The problem: Your task is to copy exactly the lines from the line containing "Makita petrol saw, model" through the end of the listing below, with pictures left out.

Data:
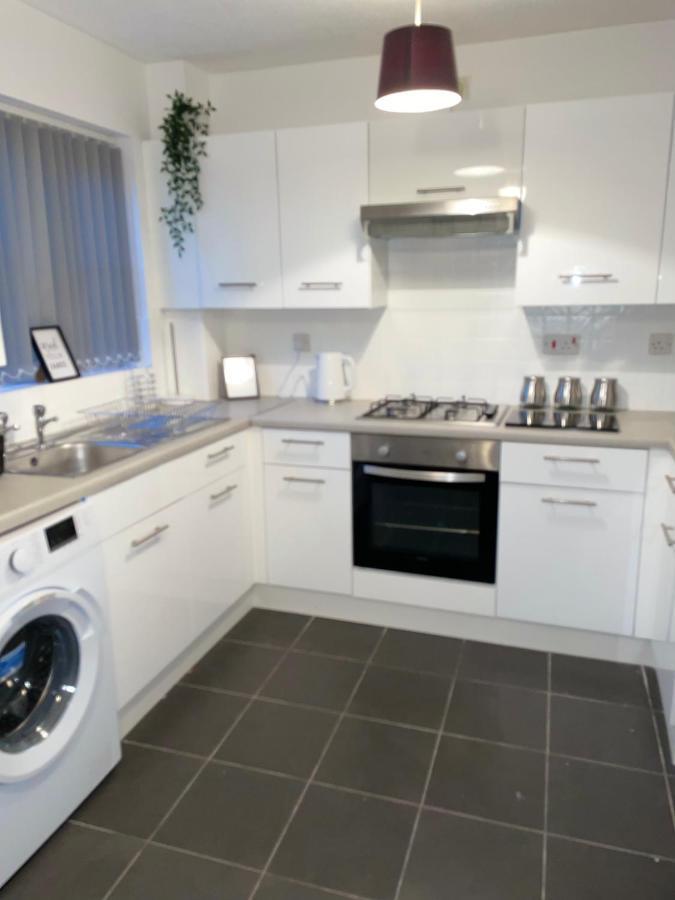 Modern 2 Bed House Cannock Perfect For Contractors Business Travellers Short Stays Driveway For 2 Vehicles Close To M6 M54 I54 A5 A38 Mcarthur Glen Designer Outlet Exterior photo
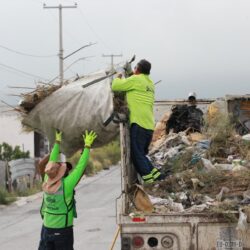 Incrementa Javier Díaz seguridad vial en Abasolo; delimita carriles centrales5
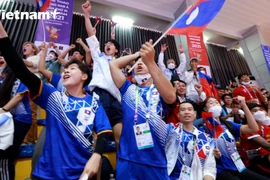 SEA Games 31: 'Cuộc đấu đặc biệt' của cổ động viên Lào và Campuchia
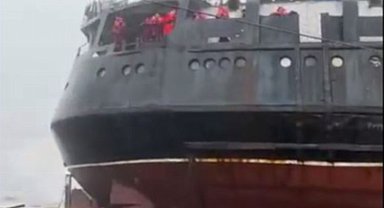 Karaya oturan gemideki tüm persenel tahliye edildi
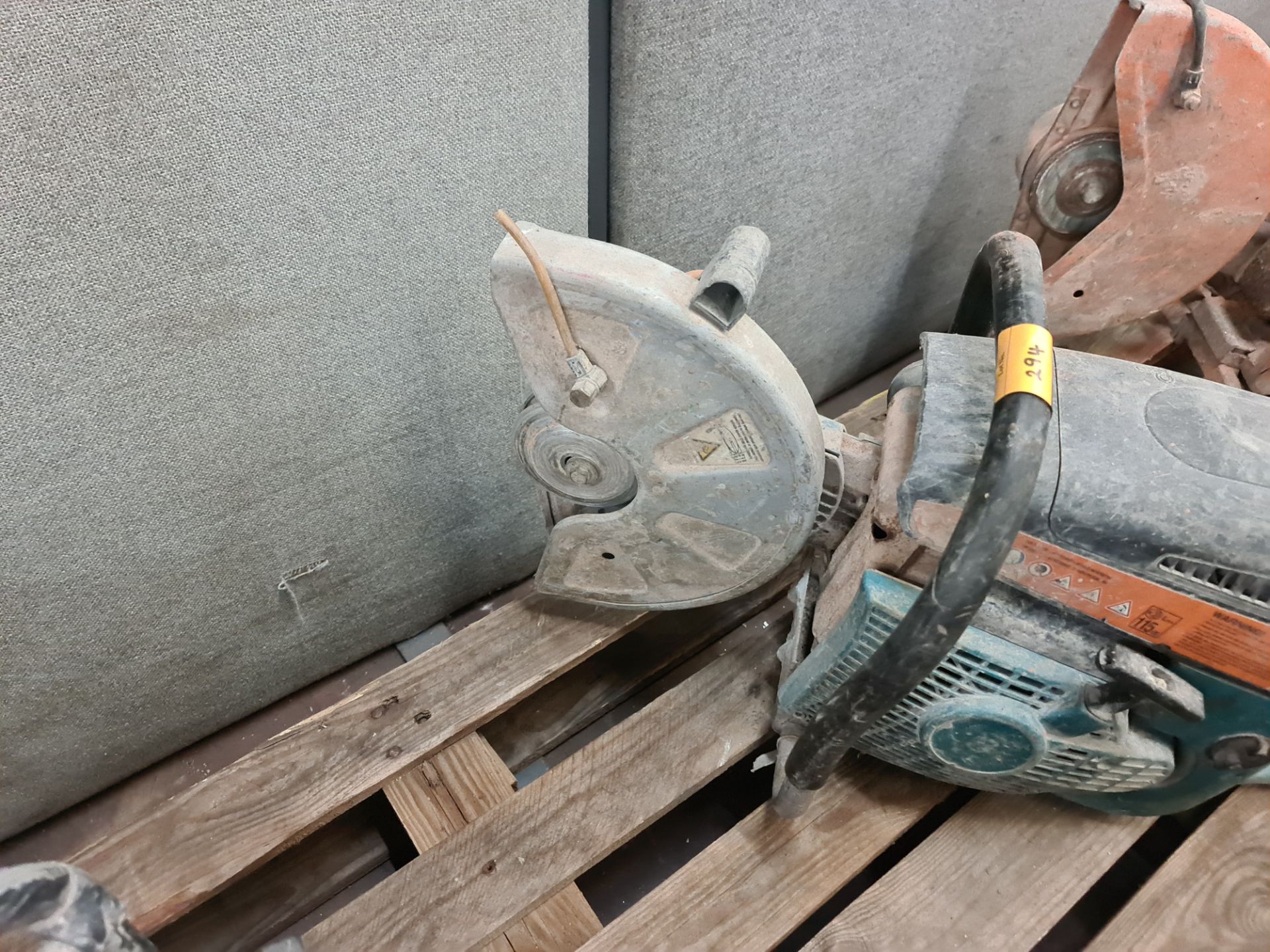 Makita petrol saw, model DPC 6430 - Image 3 of 6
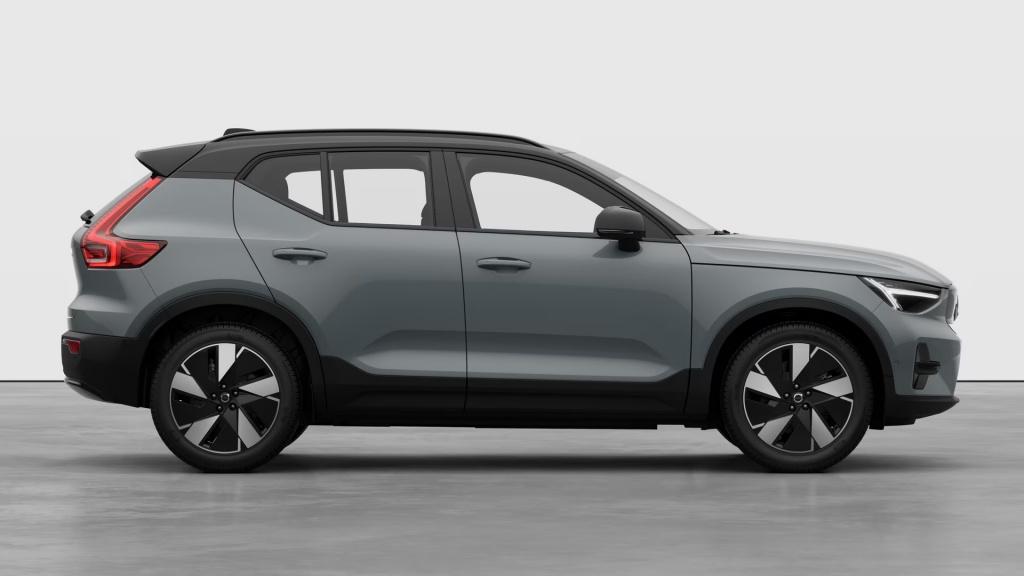 Volvo Ex40 extended range ultra dark europa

Result:
 Makita petrol saw, model DPC 6430 - Image 3 of 6
 Volvo Ex40 extended range ultra dark europa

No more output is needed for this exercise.